The task >> Every record is to be printed exactly as written; pictures are to be omitted.

*** Supplied records ***

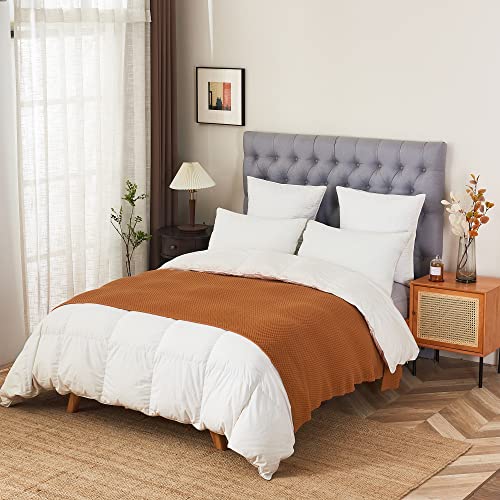Longhui bedding 100% 면 니트 담요 - 번트 오렌지, 부드럽고 아늑함, 세탁기 사용 가능, 152.4cm x 203.2cm(60 x 80인치) - 거실, 소파, 침대 또는 여행에 적합 - color: 번트 오렌지., size: 60" x 80", Oversized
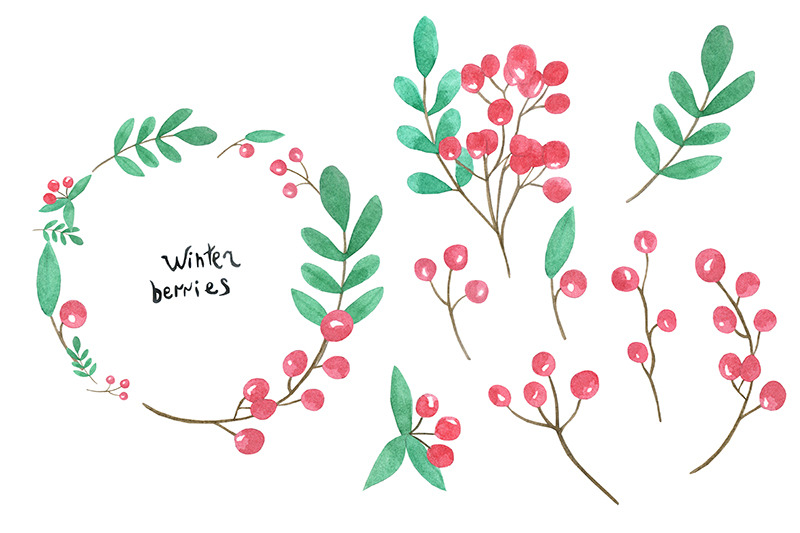 watercolor-set-with-winter-berries
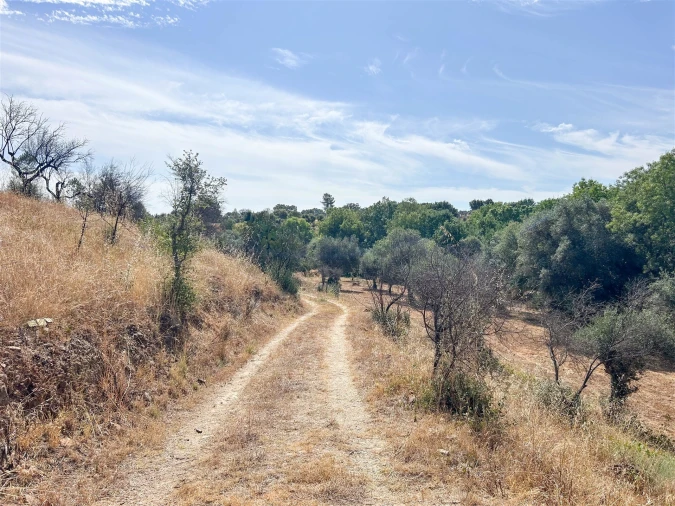 Terreno Agricola ou Rústico para Venda em Medelim Foto 38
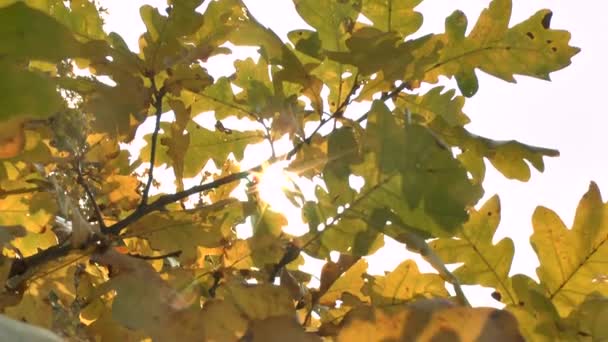 Gele herfstbladeren zwaaiend in de wind — Stockvideo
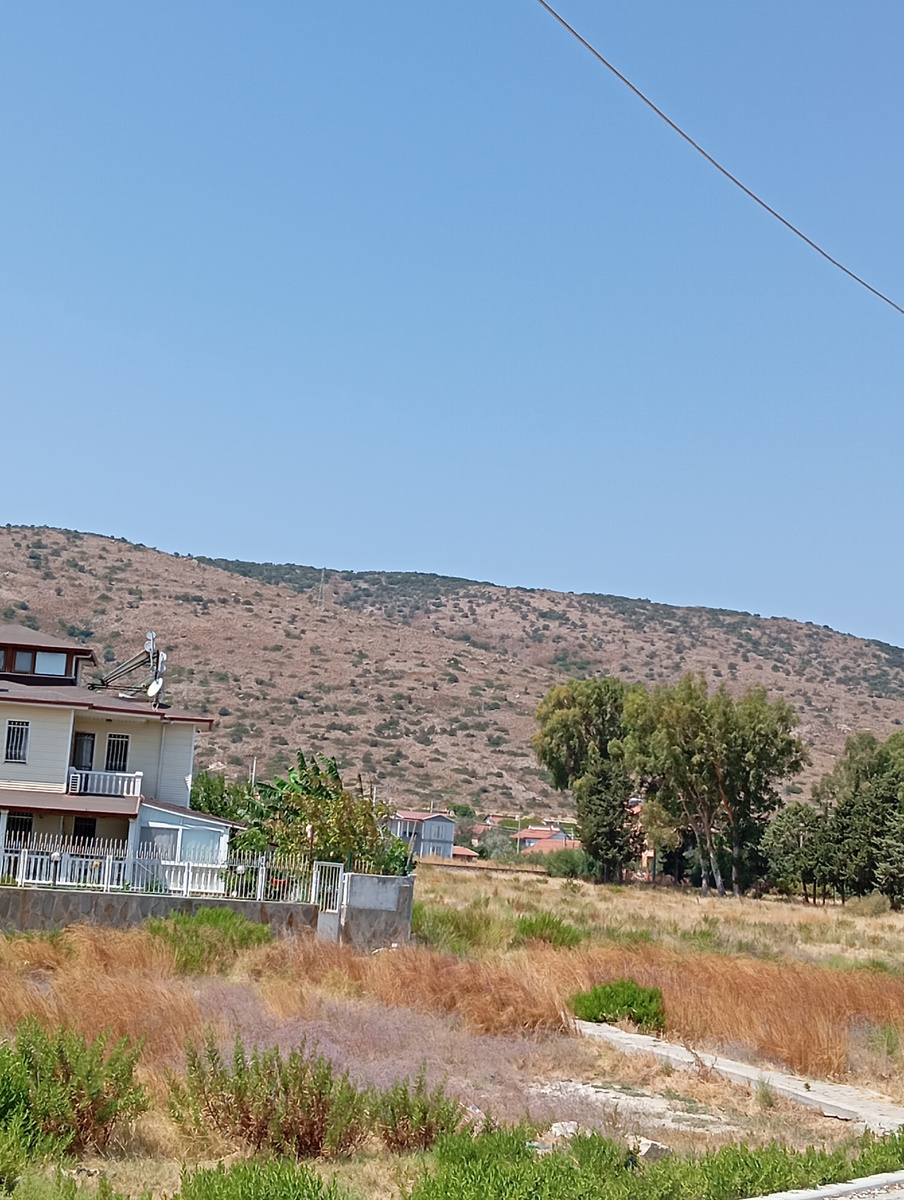 Личное фото 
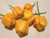 LGKO Trinidad Yellow Scorpion Moruga Pepper S-e-ed-s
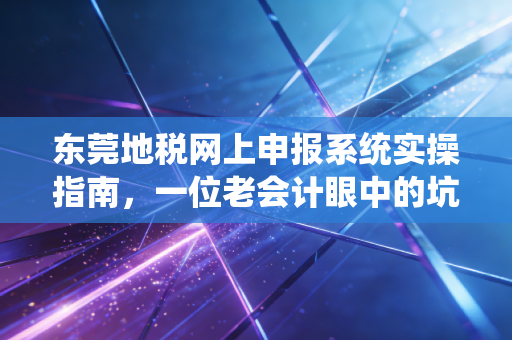 东莞地税网上申报系统实操指南，一位老会计眼中的坑与桥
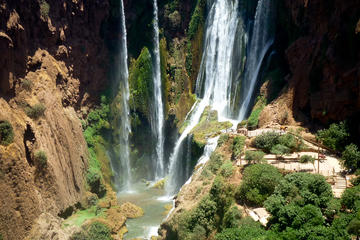 Ouzoud Waterfalls Full-Day Group Tour from Marrakech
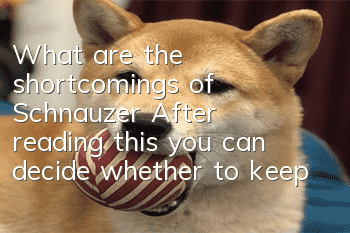 What are the shortcomings of Schnauzer? After reading this, you can decide whether to keep it or not.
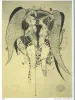 Shin Taga World of Edogawa Ranpo - inside page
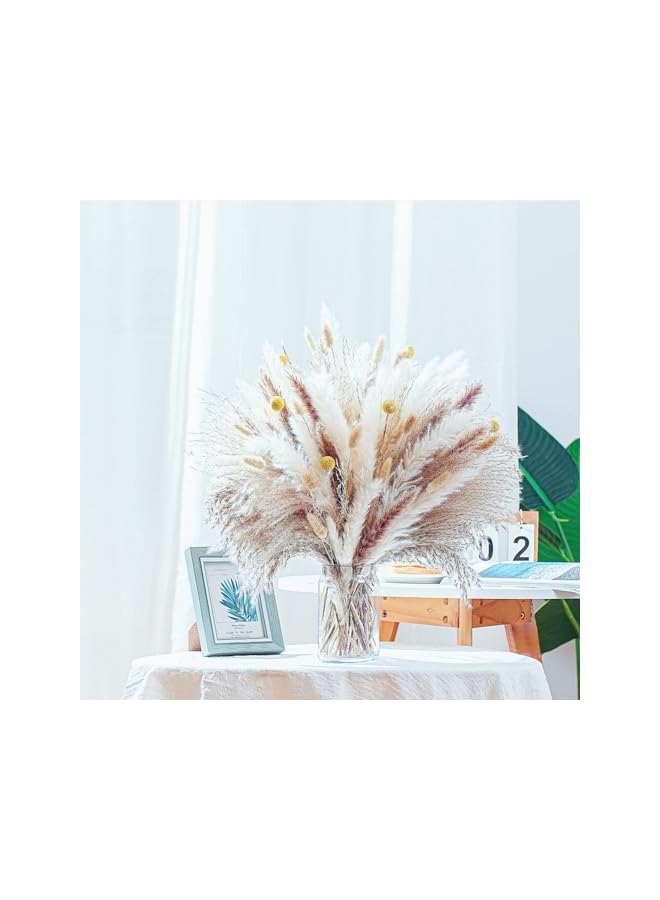 The Bros 100PCS Natural Dried Pampas Grass, 17.5" Fluffy Boho Bouquet for Home Decor, Weddings, Parties & Floral Arrangements - Chic Dried Floral Decorations for Rustic & Modern Interiors - Image 3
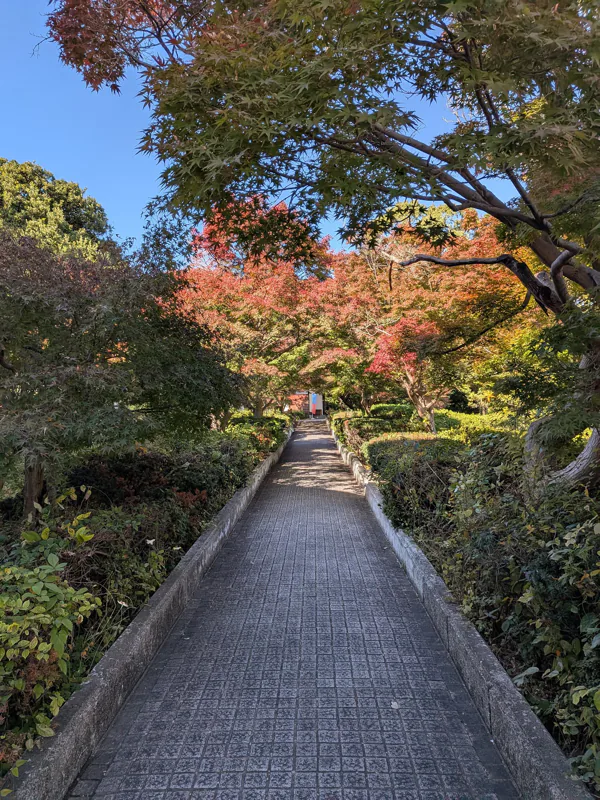 紅葉の園路。奥に茅葺門のバナー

***

The answer >>
Longhui bedding 100% 면 니트 담요 - 번트 오렌지, 부드럽고 아늑함, 세탁기 사용 가능, 152.4cm x 203.2cm(60 x 80인치) - 거실, 소파, 침대 또는 여행에 적합 - color: 번트 오렌지., size: 60" x 80", Oversized
 watercolor-set-with-winter-berries
 Terreno Agricola ou Rústico para Venda em Medelim Foto 38
 Gele herfstbladeren zwaaiend in de wind — Stockvideo
 Личное фото 
 LGKO Trinidad Yellow Scorpion Moruga Pepper S-e-ed-s
 东莞地税网上申报系统实操指南，一位老会计眼中的坑与桥
 Ouzoud Waterfalls Full-Day Group Tour from Marrakech
 What are the shortcomings of Schnauzer? After reading this, you can decide whether to keep it or not.
 Shin Taga World of Edogawa Ranpo - inside page
 The Bros 100PCS Natural Dried Pampas Grass, 17.5" Fluffy Boho Bouquet for Home Decor, Weddings, Parties & Floral Arrangements - Chic Dried Floral Decorations for Rustic & Modern Interiors - Image 3
 紅葉の園路。奥に茅葺門のバナー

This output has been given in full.